Marriott-hotels verstrekken trouwens in plaats van de Bijbel The Book Of Mormon, en dat mag je dan juist weer wél meenemen, want Mormonen hebben een enorme bekeringsdrift. Die hebben ze waarschijnlijk hard nodig ook, want als je eenmaal Mormoon bent moet je opeens een heel buitenissig soort ondergoed aan van God. (Google maar eens op ‘Mormon underwear’, dan bedenk je je wel twee keer voor je je laat bekeren.)

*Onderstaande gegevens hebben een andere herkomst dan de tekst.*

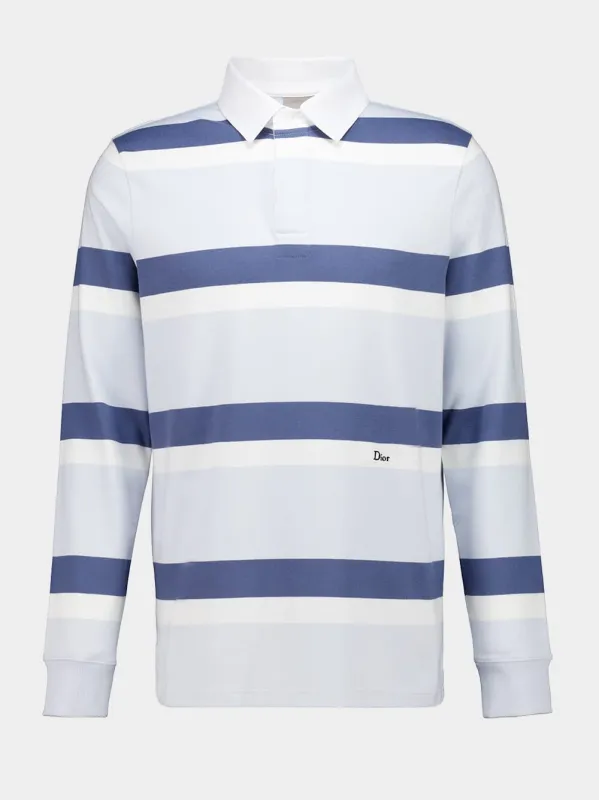 POLO L/S CTR B COTTON made by Dior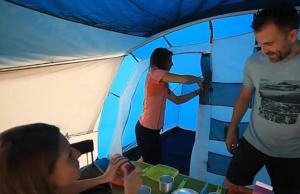 Hebergement camping du lac : photos des chambres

Niemand leest die hotelbijbels, dacht ik, want die zien er altijd uit alsof ze daar al jaren liggen zonder ooit te zijn opengeslagen. Maar bij het opruimen van mijn jongstleden vakantieverblijf stuitte ik op een exemplaar dat zó intensief gebruikt was dat de vellen er letterlijk bij hingen. Ook was erin gekrabbeld met azuurblauwe ballpoint-inkt. Zo bestond de titelplaat uit een lang niet slecht getekende prent van een opgeknoopte man aan een galg, compleet met naar buiten puilende tong. Een paar bladzijden verderop, dwars over de Bijbeltekst ‘Want er is niets verborgen, dat niet aan het licht zal komen, en niets geheim dat niet bekend zal worden’ stond in grote letters: ‘ja steven smeerlap!’ Ergens halverwege Korinthiërs was over een hele pagina een groot, tranend oog getekend. En bij Lucas 16:18 – ‘Een ieder die zijn vrouw wegzendt, en een andere trouwt, pleegt echtbreuk’ – stond ‘ja he steven?!’
Bij verder bladeren trof ik nog een grafzerk met de naam ‘steven’ erop, en, bij wijze van bladwijzer, een uit De Telegraaf gescheurd recept voor ‘Yoghurtcake met sinaasappel en amandel’. Dat laatste stelde me toch weer een beetje gerust. Verdriet met zoetigheid verdrijven is iets diep menselijks.
Ja, voor wie moest ik nou eigenlijk bidden, voor Steven of voor de vrouw die hij had bedrogen? Voor geen van beiden, besloot ik. Ze zoeken het maar uit.
Maar die cake, die ga ik beslist een keer maken.